Who is Barroux?
Barroux is a household name in contemporary French illustration. He was born in Paris but grew up in Morocco, returning to France to study architecture at the Ecole Estiennes, then art at the prestigious Ecole Boulle. Having risen up to the rank of art director, working for several advertising agencies, he moved to Montreal (in 1996) and New York (2000). During that time, he also published his cartoons in some of the most prestigious North American newspapers (New York Times, Wall Street Journal…). He then moved back to France in 2003.
Although he is also a very capable illustrator for adults, it is his many children’s books that have won Barroux the most fame and acclaim. Two years after this children’s illustration debut, Where’s Mary’s Hat, he won the 2005 Swiss Enfantaisie prize for Uncle John and the Giant Cherry Tree. Since then has also won awards for Extraordinary Pets (Golden Award of the 2011 New York Book Fair) and Alpha: Abidjan- Gare du Nord (2016 PEN Promotes).
Barroux describes himself as an illustrator driven by his taste for colours and fantasy. In terms of technique, he uses quite traditional but mixes them into an innovative blend that gives him a very distinctive style: linocut drawings coloured in with acrylic paint, along with a healthy dose of lead pencil. This style of his is as attractive in his lighter works (see for example Where’s the Elephant?) as it is powerfully evocative in the grittier or more sombre books like the recently published Alpha and Line of Fire.
Barroux has published quite a few books directly in English, many of which have been translated. Here’s a small selection:
Alpha: Abidjan to Garde du Nord (Barrington Stoke), translated by Sarah Ardizzone
Written for teenagers and adults than young children, this graphic novel tells us the poignant story of a man seeking to get from his native Abidjan, in Cote D’Ivoire, to the Gare du Nord neighbourhood in Paris where his wife and children are waiting. It is the tale of one man who like so many others faces countless obstacles and dangers just for a chance at a better future.

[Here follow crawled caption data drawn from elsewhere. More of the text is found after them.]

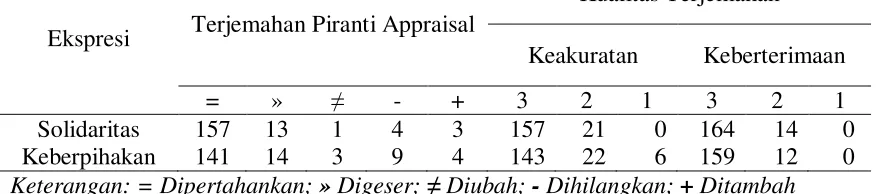 Tabel 4. Translation Quality of Appraisal Resources in Solidarity and Alignment   Expressions  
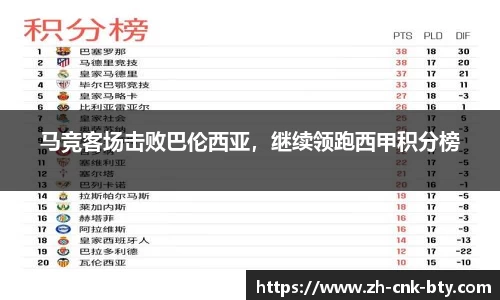 马竞客场击败巴伦西亚,继续领跑西甲积分榜
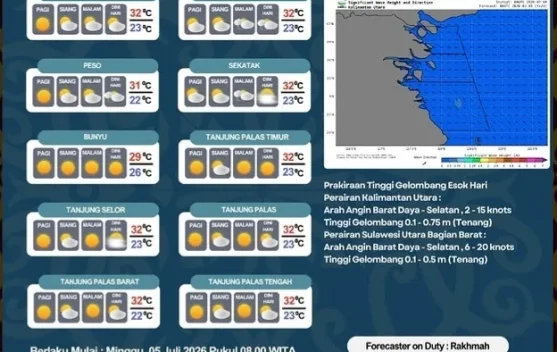 Bulungan Cerah Berawan Hari ini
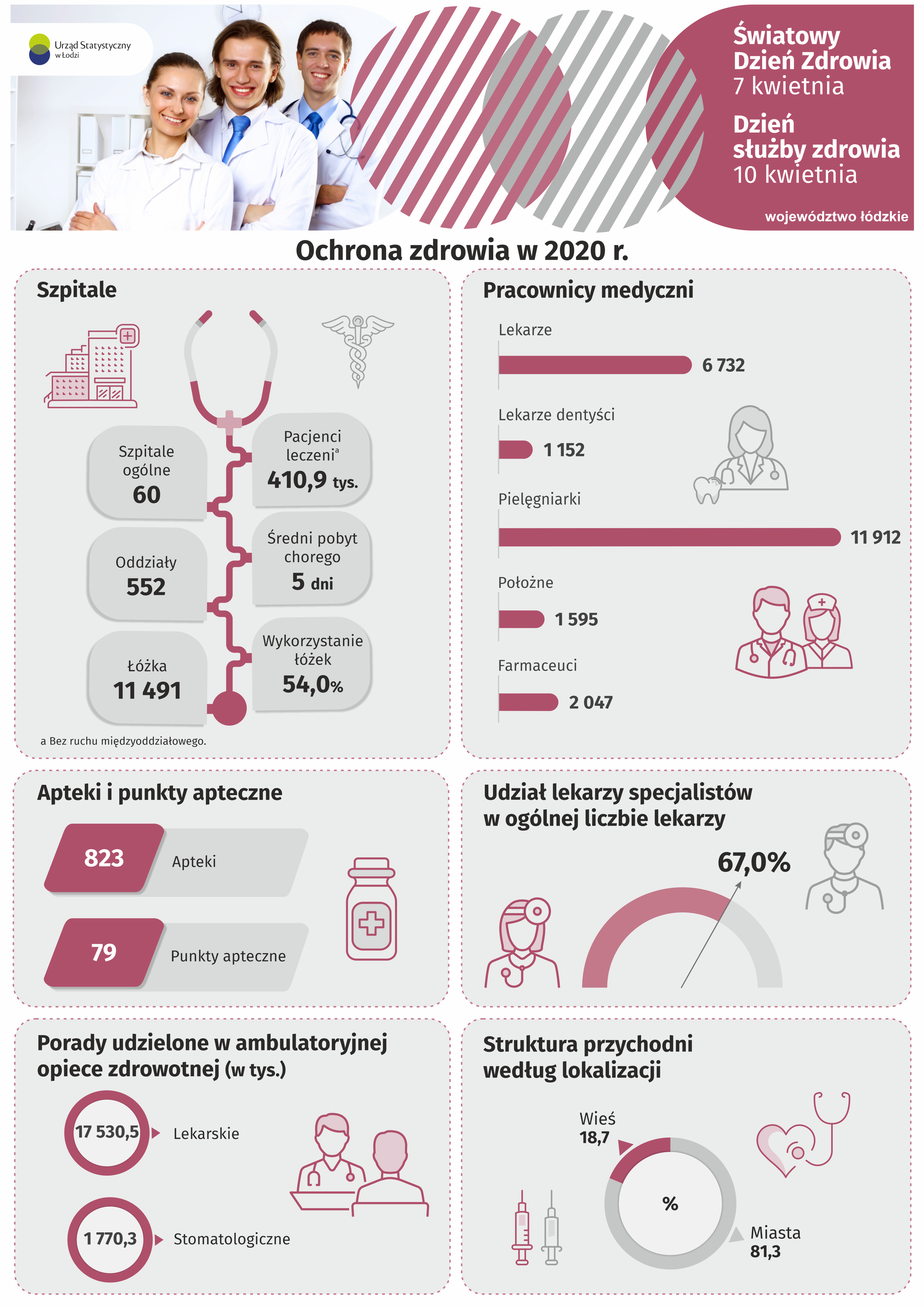 Infografika z okazji Światowego Dnia Zdrowia - dane za rok 2020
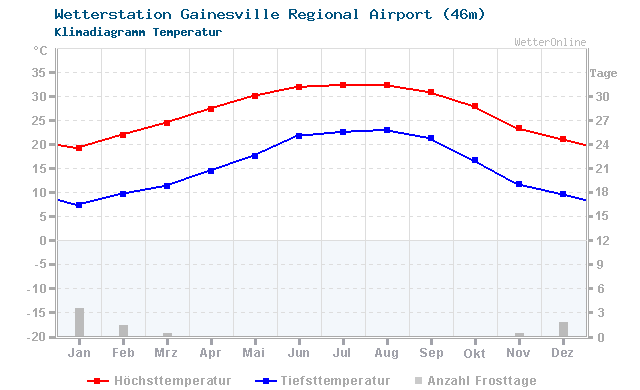 Klimadiagramm Temperatur Gainesville Regional Airport (46m)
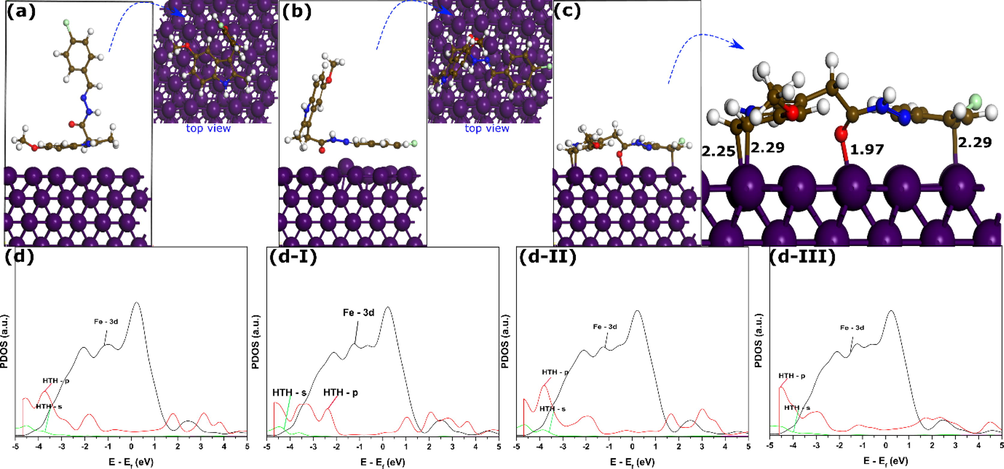 The optimized adsorption geometries and projected density of states of different configurations of HTH molecule on Fe(1 1 0) surface by SCC-DFTB method; Conf I (a), Conf II (b), and Conf III (c), and PDOSs (d). Bond lengths are in Å.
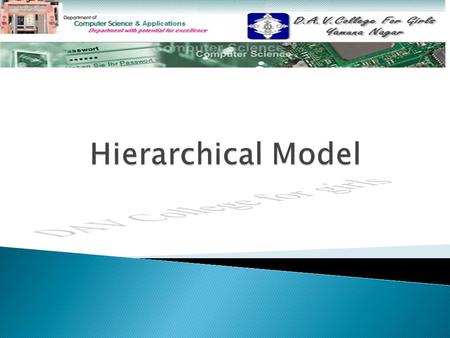 Hierarchical Model.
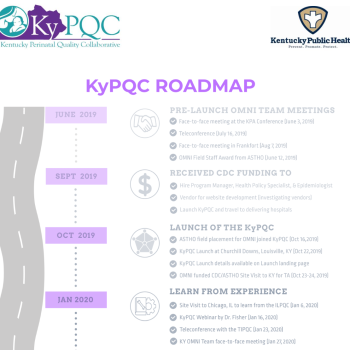 KyPQC Roadmap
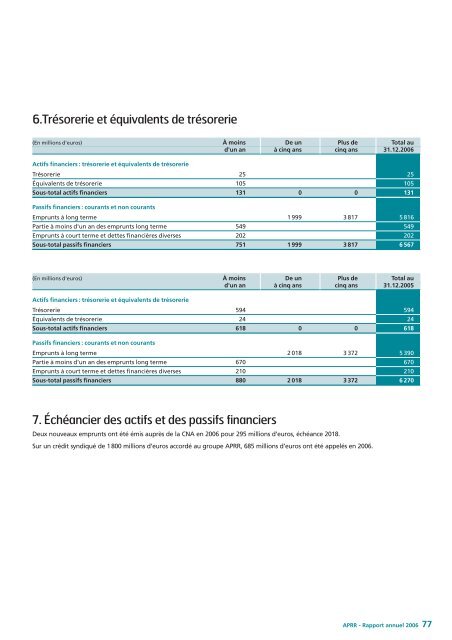 RA_APRR 2006_fr.pdf - Les panneaux autoroutiers franÃ§ais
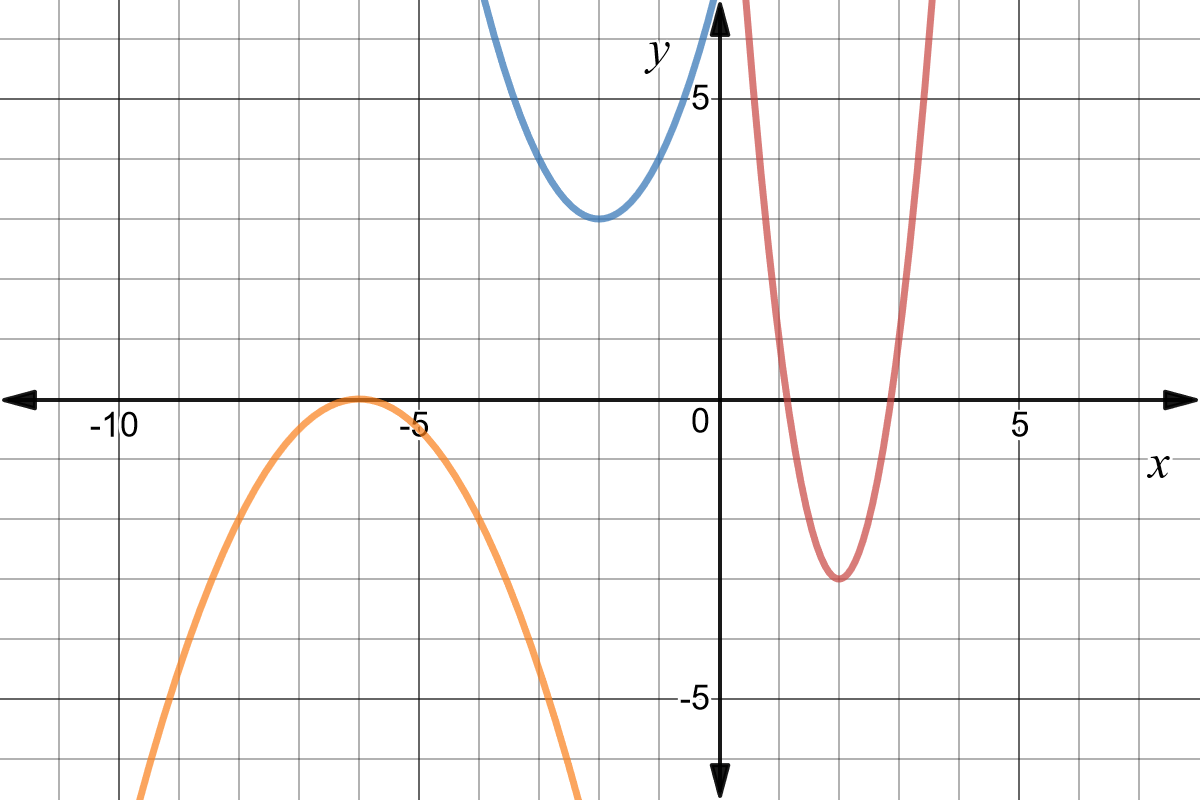 A graph of three parabolas.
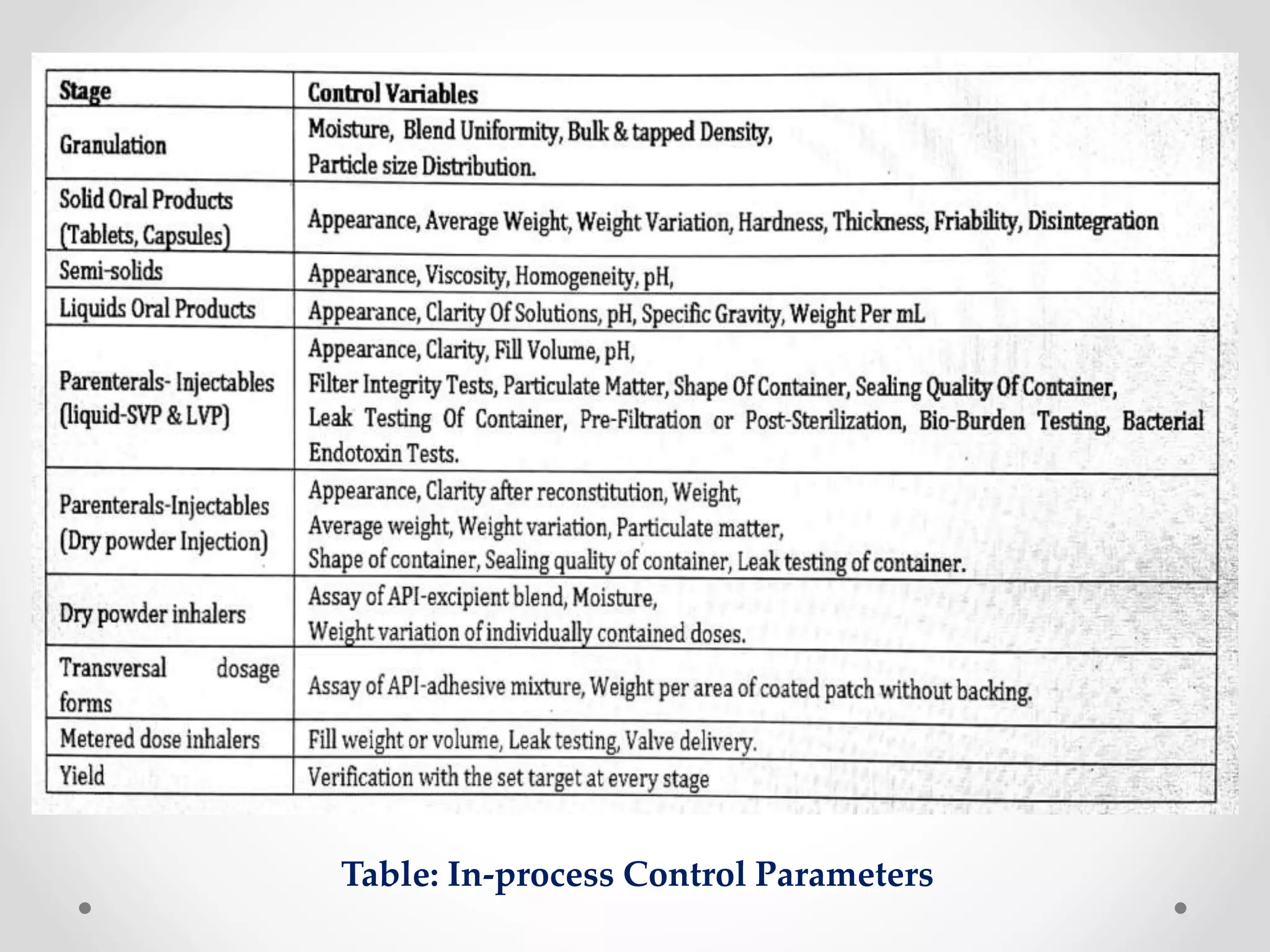 In process & finished products quality control test for pharmaceuticals ...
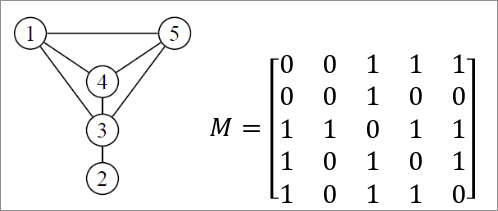 Matrice d'ajacence dans un graphe simple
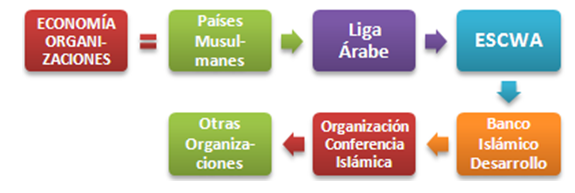 Doctorado Organizaciones islámicas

Where’s the Elephant (Egmont)
Barroux’s playful book attempts to explain the consequences of climate change through the misfortunes of an elephant, a parrot, and a snake. As humans chop down the trees of their native rainforest, it becomes harder and harder for the three friends to play hide-and-seek… Where’s the Elephant has received plenty of praise from critics and commercial success, deservedly so.
Line of Fire: Diary of an Unknown Soldier (Phoenix Yard Books), translated by Sarah Ardizzone.
It was a pure coincidence that one day, Barroux came across workers emptying out an old house in Paris. Amongst the furniture and boxes they were carrying, a cardboard box containing a notebook and a Cross of War (medal awarded to soldiers of the First World War) caught Barroux’s eye. These were the words of an enlisted Frenchman telling the story of the thirst three months of a war that everybody believed would be a short-run affair. The drawings seamlessly join the soldier’s diary in trying to answer that question we all want to ask: “what was it like?”
Mr Leon's Paris (Phoenix Yard Books), translated by Sarah Ardizzone
Mr Leon, a Parisian taxi driver of many years, spends his days ferrying colourful characters to designations corresponding to his passengers' personalities and nationalities. From behind the wheel of his little yellow taxi, Mr Leon travels the world, from the North Pole to the Eiffel Tower to the Congo. Until, that is, Mr Leon decides it's time to explore the real places after which the streets in Paris are named. After putting up his taxi for sale, Mr Leon sets sail for Liberty Street and beyond, even the moon if the wind is good.